Fonte: Agência Brasil

Foto: Edson Almeida

11 de junho de 2008

Pronunciamento na solenidade do Dia Mundial do Meio Ambiente

Pronunciamento feito pela Deputada Federal, Rebecca Garcia, do Partido Progressista (PP) do Amazonas, no Plenário do Senado Federal, dia 11 de junho de 2008, durante solenidade em homenagem ao Dia Mundial do Meio Ambiente.

Senhor Presidente,
Senhoras e Senhores Parlamentares,

Um grande cacique norte-americano já havia alertado o mundo para a importância da preservação da natureza. Intimidado pelo governo a ceder mais terras de sua reserva, o chefe Seattle alertou: “O que ocorrer com a Terra recairá sobre os filhos da Terra. Há uma ligação em tudo”. Um chefe indígena, considerado “selvagem” por nós, civilizados, nos ensinou com a sabedoria de quem vive pensando em 10 gerações futuras. A sabedoria de quem vive da natureza e pela natureza. A sabedoria que, paradoxalmente, não entra na alma e nos corações dos povos civilizados. Infelizmente.

Sua lição caiu no esquecimento. Foram precisos muitos e muitos anos para que a conscientização da humanidade começasse a emergir do nada. Graças a dias comemorativos, como o que estamos celebrando, a preocupação com a conservação do planeta vem se acentuando, ganhando força suficiente para que ocorram as transformações necessárias e urgentes. Urgentes, porque a humanidade está há séculos atrasada, quando levamos em consideração que foi só em 1972 que a Declaração sobre o Ambiente Humano foi estabelecida, em Estocolmo.

Senhor Presidente, este foi o ponto de partida para a conscientização da humanidade. A partir daí, vieram outros encontros importantíssimos, como o Rio 92, o de Johanesburgo e o Rio +10. A ação contínua de ambientalistas, somada a iniciativa de lideranças políticas, fez com que parte da sociedade acordasse para a realidade.

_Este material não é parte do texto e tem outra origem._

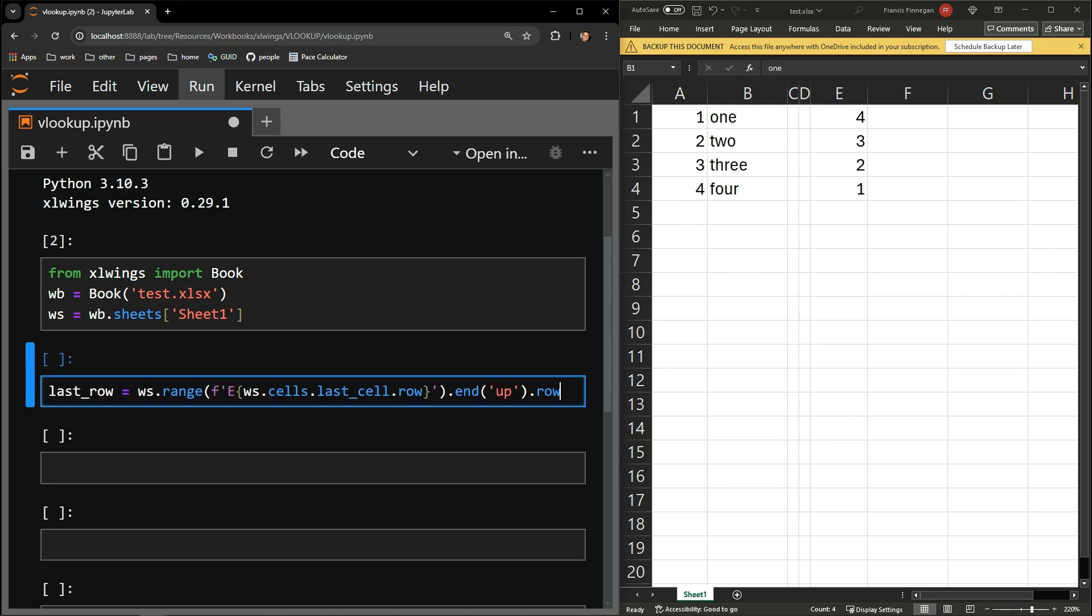First, I want to collect the last row of the column with the VLOOKUP value. I will be storing it in the last row variable and using this code to collect it.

Mas, foram datas, como a que comemoramos hoje, que provocaram a evolução da conscientização pela preservação dos recursos naturais e, conseqüentemente, pela vida futura no planeta.

A sociedade evolui, sim. É um fato fácil de ser constatado. Mas, não evolui de forma ideal. Ainda há muito que fazer neste sentido e precisamos continuar falando em preservação da natureza, para impedir que o nível de consciência popular retroceda. A evolução é gradual e constante. Lamentável é que ela ocorra em confronto com a lentidão dos governos e com a pressa com que as atividades econômicas se lançam sobre a natureza. Hoje, eu até diria, a sociedade está como nós, assistindo, estarrecida, o crescimento da devastação, enquanto os governos não agem, enquanto os detratores da natureza aceleram seus passos e suas ações.

Existem no Brasil, Senhoras e Senhores, inúmeros projetos ambientais parados em gavetas de Ministérios. As discussões são, literalmente, intermináveis. Quando alguém apresenta um projeto para ser executado, logo ele é abortado. Volta para a mesa de discussões e o País fica órfão de uma legislação eficiente, que proteja o meio ambiente e permita o desenvolvimento sustentável.

Os planos não são executados porque sempre são apresentados sob a ótica de apenas um dos vários segmentos interessados na questão. O pior é que todos querem ganhar. Ninguém fala em ceder, em doar parte de seus interesses, para que o planeta seja o grande vitorioso. Aliás, para que a humanidade – inclusive as partes litigantes – seja a grande vitoriosa. O fato, no entanto, é os infratores são muito mais ágeis que os governantes.

O Brasil é detentor de grande parte do território da Floresta Amazônica, possui a maioria das reservas de água doce do mundo, tem uma biodiversidade inacreditável, além de outros fatores que o torna protagonista quando o assunto é meio ambiente. Está na hora deste país parar de ser coadjuvante neste debate e tomar frente desta discussão. Temos tudo para sair na frente, só nos falta ousadia e determinar o assunto como prioridade na agenda pública.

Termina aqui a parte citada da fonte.